Produce exactly the lines from the one holding "Напольная акустика Wharfedale" through the last line of the data below, with every picture left out.

---

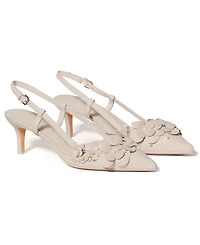 kate spade new york Women's Flower Garden Slingback Pumps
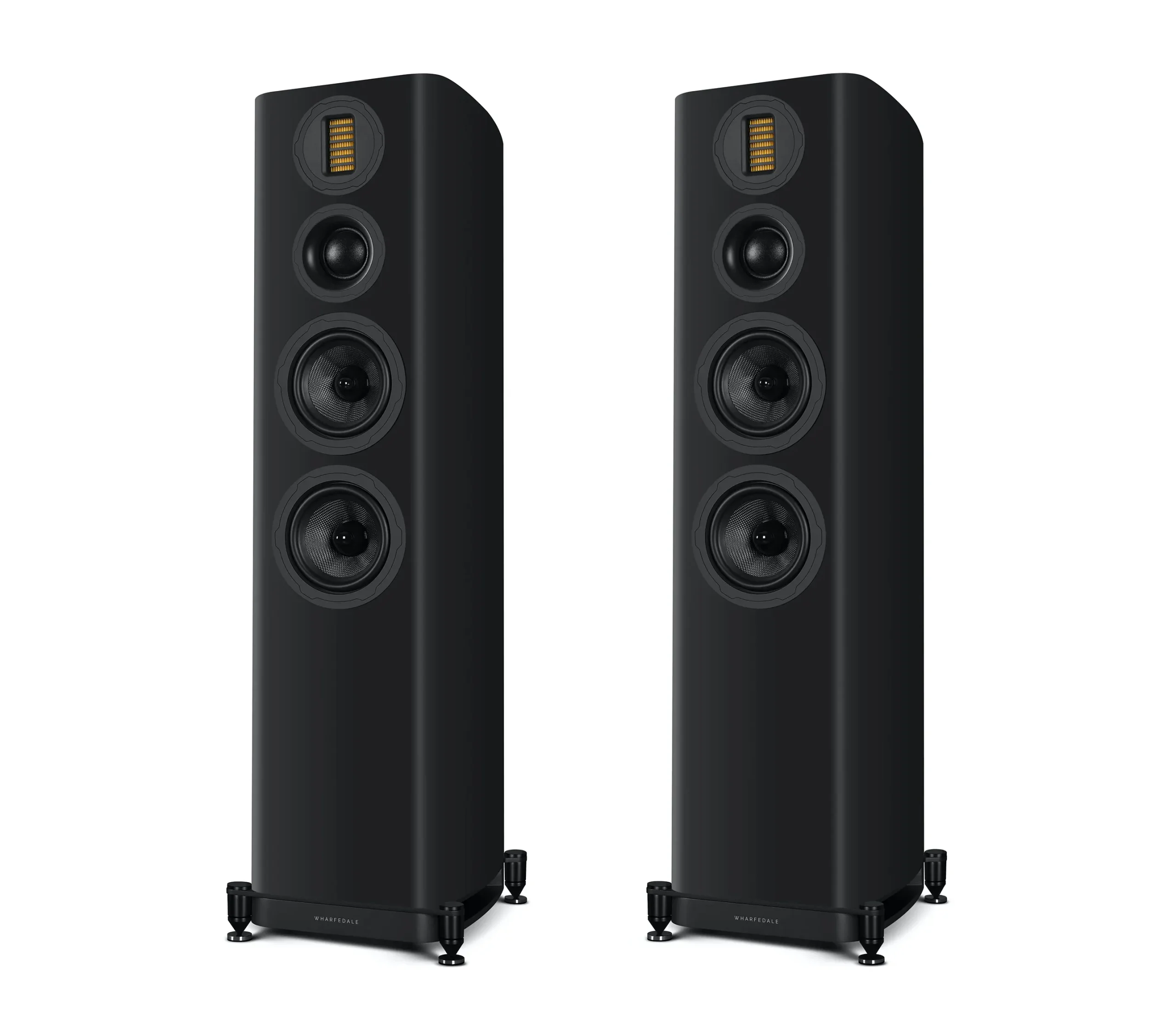 Напольная акустика Wharfedale Evo 5.4 Black Oak
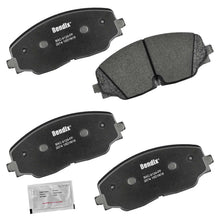 Load image into Gallery viewer, CFC2074 Bendix Priority One Ceramic Disc Brake Pads Bendix Canada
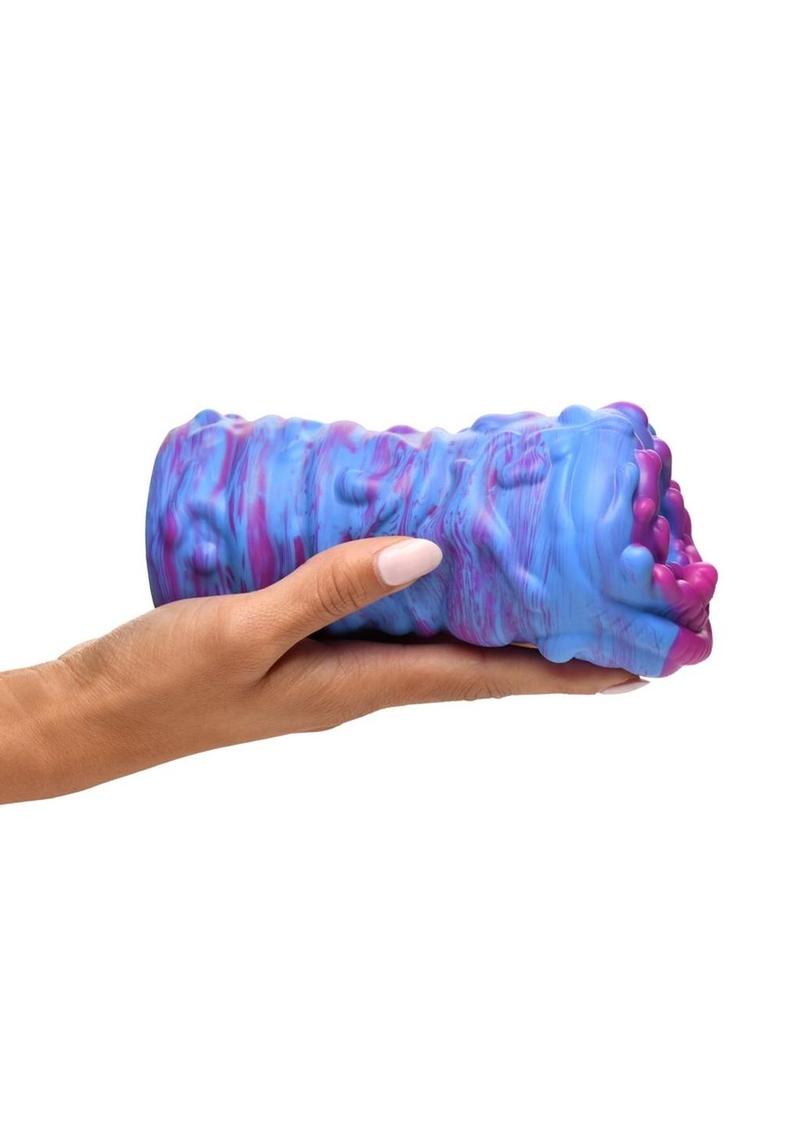 Cyclone Silicone Squishy Alien Vagina Stroker | Creature Cock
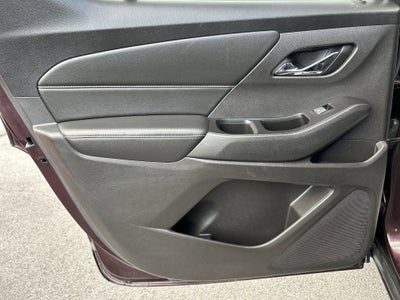 2018 Chevrolet TRAVERSE LT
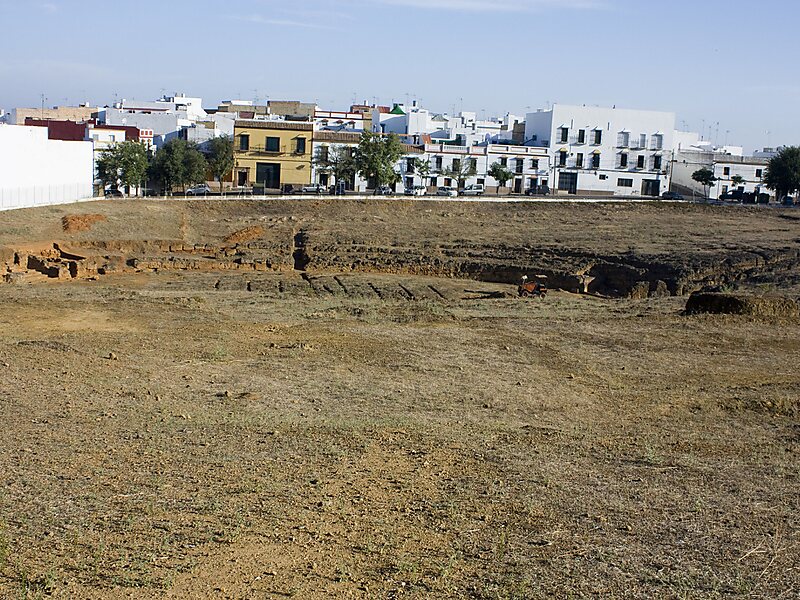 History of Carmona, Spain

---

Exercise solution:
 Напольная акустика Wharfedale Evo 5.4 Black Oak
 Load image into Gallery viewer, CFC2074 Bendix Priority One Ceramic Disc Brake Pads Bendix Canada
 Cyclone Silicone Squishy Alien Vagina Stroker | Creature Cock
 2018 Chevrolet TRAVERSE LT
 History of Carmona, Spain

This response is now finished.